Right, although I've only seen that for the DELETE triggers.  We are
using the BEFORE triggers to delete from the bottom up, and doing
this in the AFTER trigger would expose states to triggers where
children still exist in the absence of parents, which might fire
validation failures from hard-to-predict places.  It would certainly
be more convenient on this end if the DELETE behavior from my patch
was accepted, but I'm confident that there are workarounds for the
long term if not.
> What I can add is that AFAIR all instances of same-row UPDATES
> from BEFORE triggers I ever encountered where replaceable by a
> simple assignment to NEW. (That, however, is more of an
> anti-usecase)
If there is a valid use-case for UPDATE, it would have to be less
direct -- for example, the BEFORE UPDATE trigger modifies some other
table or row, and the trigger for *that* updates the original row. 
I really can't see any excuse for a BEFORE UPDATE ... FOR EACH ROW
trigger to execute a new UPDATE statement referencing the row for
which it is being fired.
-Kevin

Re: WIP fix proposal for bug #6123

From

"Kevin Grittner"

Date:

09 August 2011, 10:41:39

Florian Pflug <fgp@phlo.org> wrote:
> To summarize, here's what I currently believe would be a sensible
> approach:
> 
>   After every BEFORE trigger invocation, if the trigger returned
>   non-NULL, check if latest row version is still the same as when
>   the trigger started.

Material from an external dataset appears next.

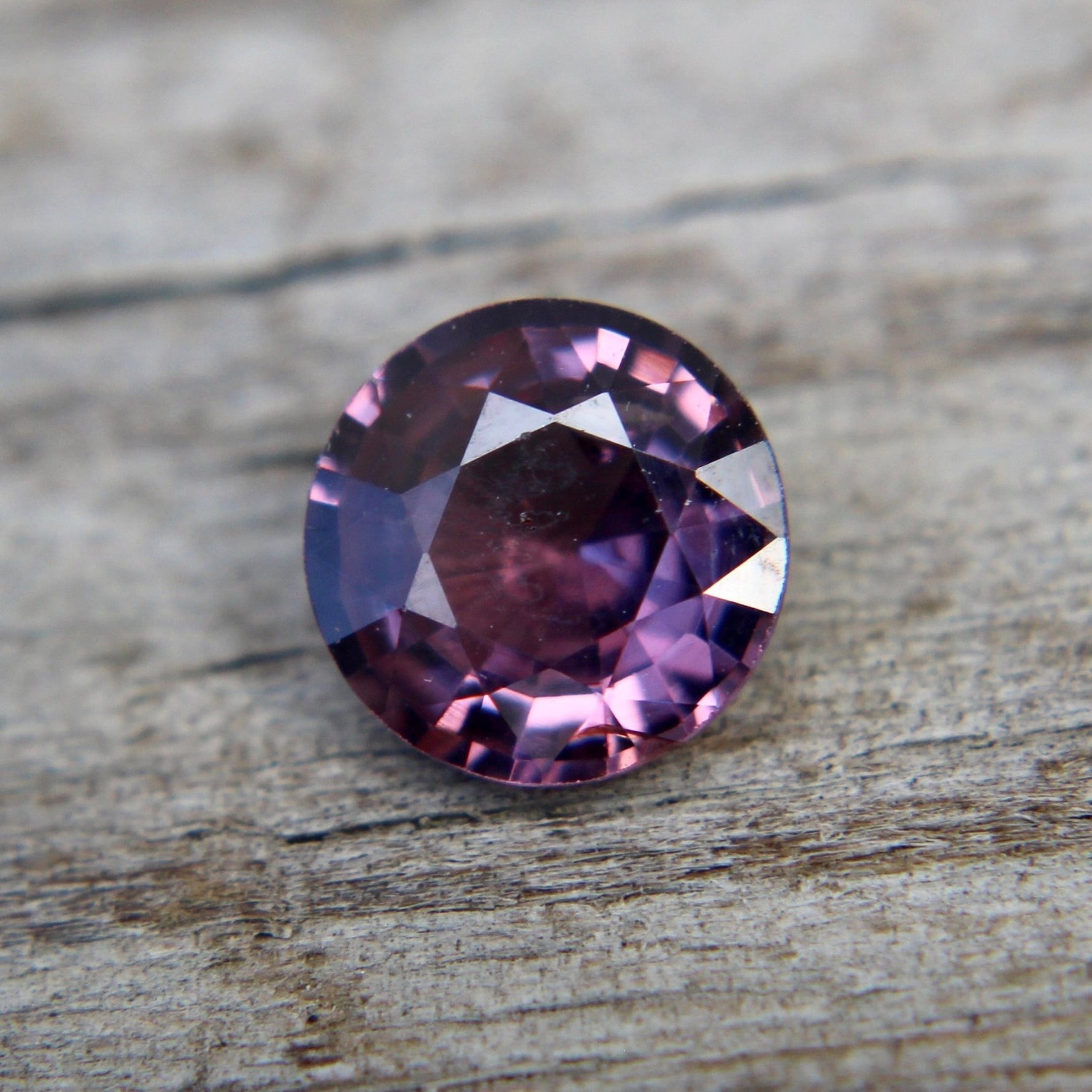 Untreated purple spinel gemstone under natural light – certified authenticity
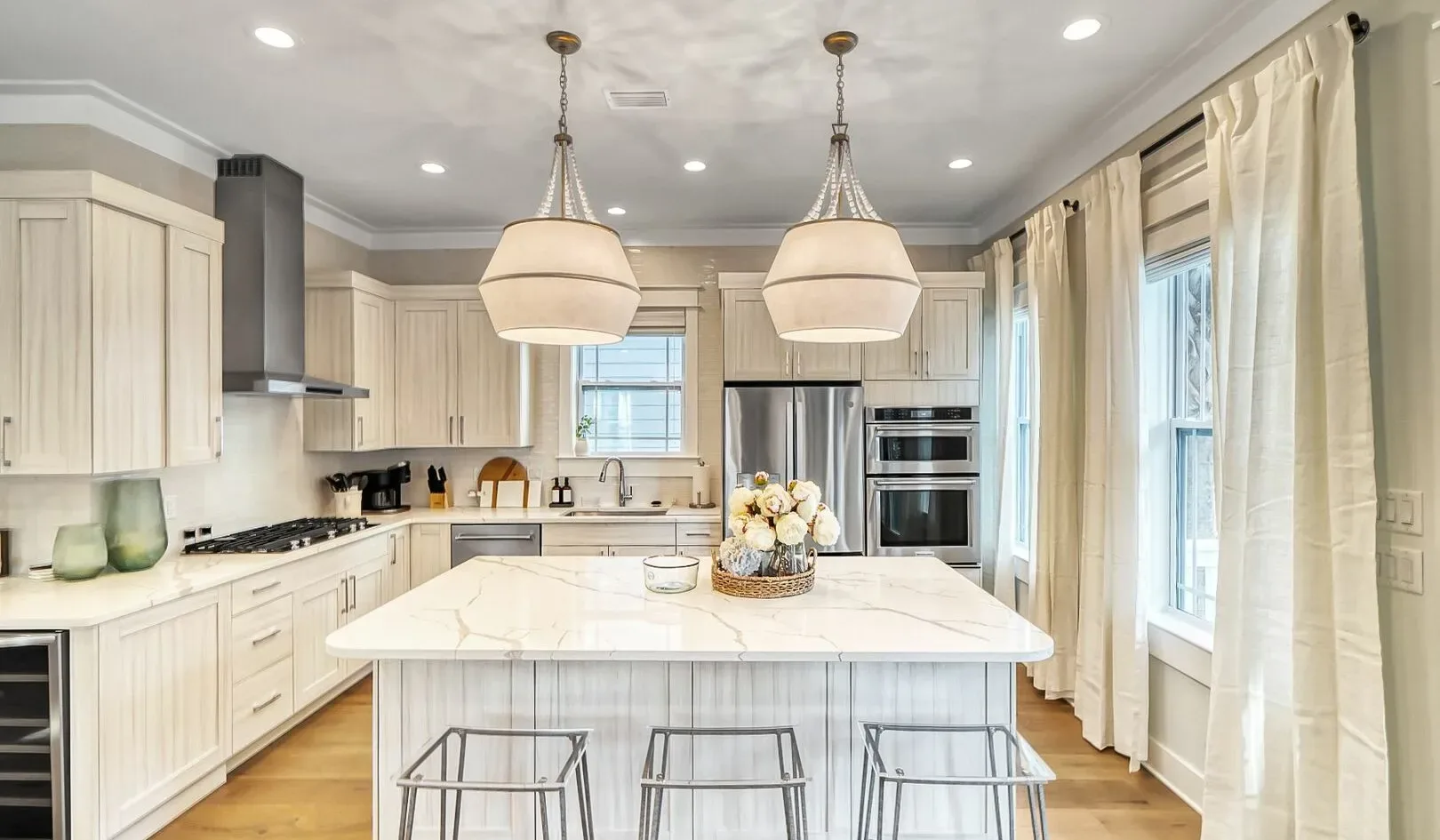 A bright kitchen with pale cabinetry, a large island, and pendant lights.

If not, complain.
That certainly has the advantages of being a small, safe change and
of being easy to explain.  It would certainly prevent the
astonishing sorts of behaviors which now occur and which can leave
people with database contents they thought they had guards against.
The down side is that something this strict does make it hard to
achieve certain behaviors which could be desirable for maintaining
redundant data for performance.  In my bottom-up delete scenario,
there would either need to be somewhere to note that a row was being
deleted so that the delete of the children could skip maintaining
it, or the cascade would need to be implemented in the AFTER
triggers, and validations would need to accept orphans which could
be created.  Either approach can be made to work, but from the
application development side, it's not as clean or easy.
The suggested approach for UPDATE with my original approach to
DELETE would make me happier, but I'm still not clear on Robert's
use cases and how that would affect him.  Can you clarify why you
feel UPDATE and DELETE should both do this?
-Kevin

Re: WIP fix proposal for bug #6123

From

Florian Pflug

Date:

09 August 2011, 11:34:13

On Aug9, 2011, at 15:41 , Kevin Grittner wrote:
> Florian Pflug <fgp@phlo.org> wrote:
> 
>> To summarize, here's what I currently believe would be a sensible
>> approach:
>> 
>>  After every BEFORE trigger invocation, if the trigger returned
>>  non-NULL, check if latest row version is still the same as when
>>  the trigger started. If not, complain.
> 
> That certainly has the advantages of being a small, safe change and
> of being easy to explain.  It would certainly prevent the
> astonishing sorts of behaviors which now occur and which can leave
> people with database contents they thought they had guards against.
> 
> The down side is that something this strict does make it hard to
> achieve certain behaviors which could be desirable for maintaining
> redundant data for performance.  In my bottom-up delete scenario,
> there would either need to be somewhere to note that a row was being
> deleted so that the delete of the children could skip maintaining
> it, or the cascade would need to be implemented in the AFTER
> triggers, and validations would need to accept orphans which could
> be created.  Either approach can be made to work, but from the
> application development side, it's not as clean or easy.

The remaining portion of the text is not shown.